Une récente étude de la firme privée de sondages vénézuélienne Hinterlaces, indique que « pour plus de 70% des vénézuéliens le pays est sur une mauvaise voie. Les principaux problèmes sont d’ordre économique, en particulier les problèmes d’approvisionnement d’aliments et de médicaments, l’inflation, avec l’insécurité qui préoccupe beaucoup [1] ».
Pour le sociologue Oscar Schemel, président d’Hinterlaces « la guerre économique a fait que l’opposition diffuse des post-vérités, des événements, des circonstances qui génèrent une angoisse et une névrose, qui visent un débordement social, qui obligent les gens à rejeter les facteurs qui causent la névrose. Cependant le chavisme, même s’il n’est pas une force électorale majoritaire, reste la première option politique : ceci s’explique par le fait qu’au cours de ces dernières années le pays s’est reconfiguré socialement, politiquement et symboliquement. La force électorale majoritaire n’est pas l’opposition mais le mécontentement. Les gens ne rejettent pas le modèle d’inclusion sociale, mais veulent qu’il fonctionne. Le champ économique devrait être primordial pour le gouvernement s’il veut rétablir une dynamique forte en termes de communication ».
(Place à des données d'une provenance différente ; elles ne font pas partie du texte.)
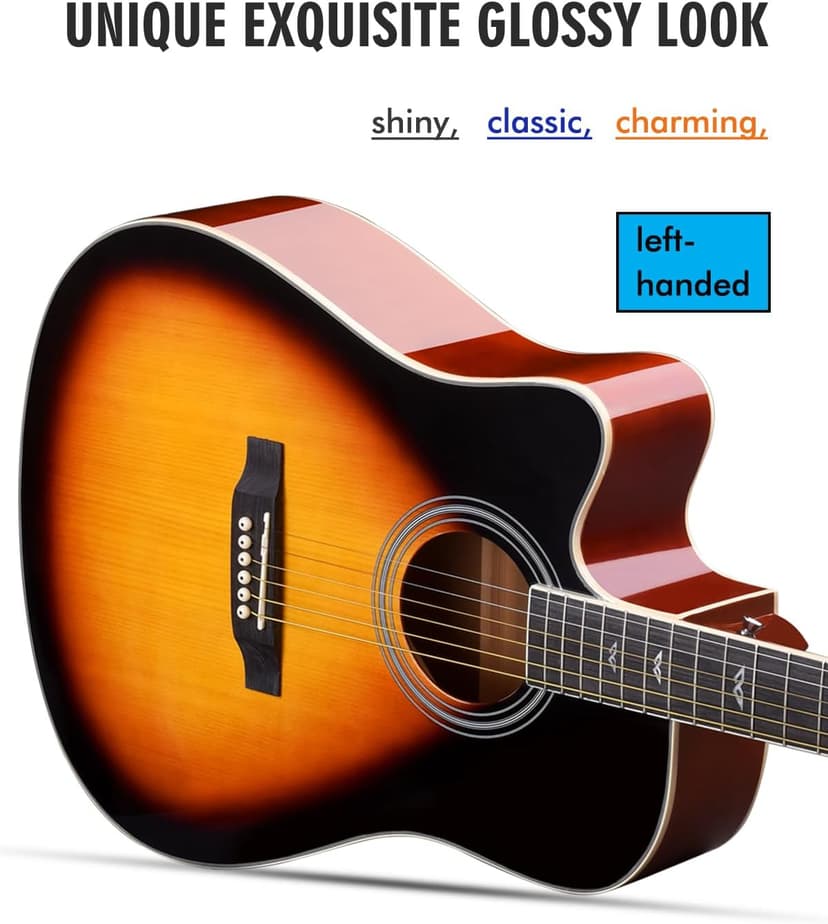 Winzz 4/4 Electro Acoustic Guitar, Left-Handed Western Guitar Set, Adult Beginners, Acoustic Guitar 41 Inch with 4-Band Equaliser (Dreadnought,Glossy Sunburst)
Sur la base des enquêtes récemment menées par Hinterlaces, Oscar Schemel fait remarquer que « l’opposition ne possède pas de force symbolique, n’a pas de puissance de mobilisation par elle-même, manque de réponses, de solutions, de propositions et de projet politique à part le renversement du gouvernement actuel et la reprivatisation de l’économie. Elle manque de discours, de messages, de codes originaux et s’est finalement montrée très faible dans la bataille de la subjectivité. Certes elle tire bénéfice des erreurs et des errements dans la politique économique du gouvernement bolivarien mais les gens ne votent pas pour l’opposition. Le vote sert à punir, à montrer son désaccord sur une gestion économique déterminée. L’opposition n’arrive pas à se constituer en alternative. C’est le contraire avec le chavisme qui reste aujourd’hui la force socialement, politiquement et symboliquement la plus significative du pays : sa capacité de récupération est importante [2] ».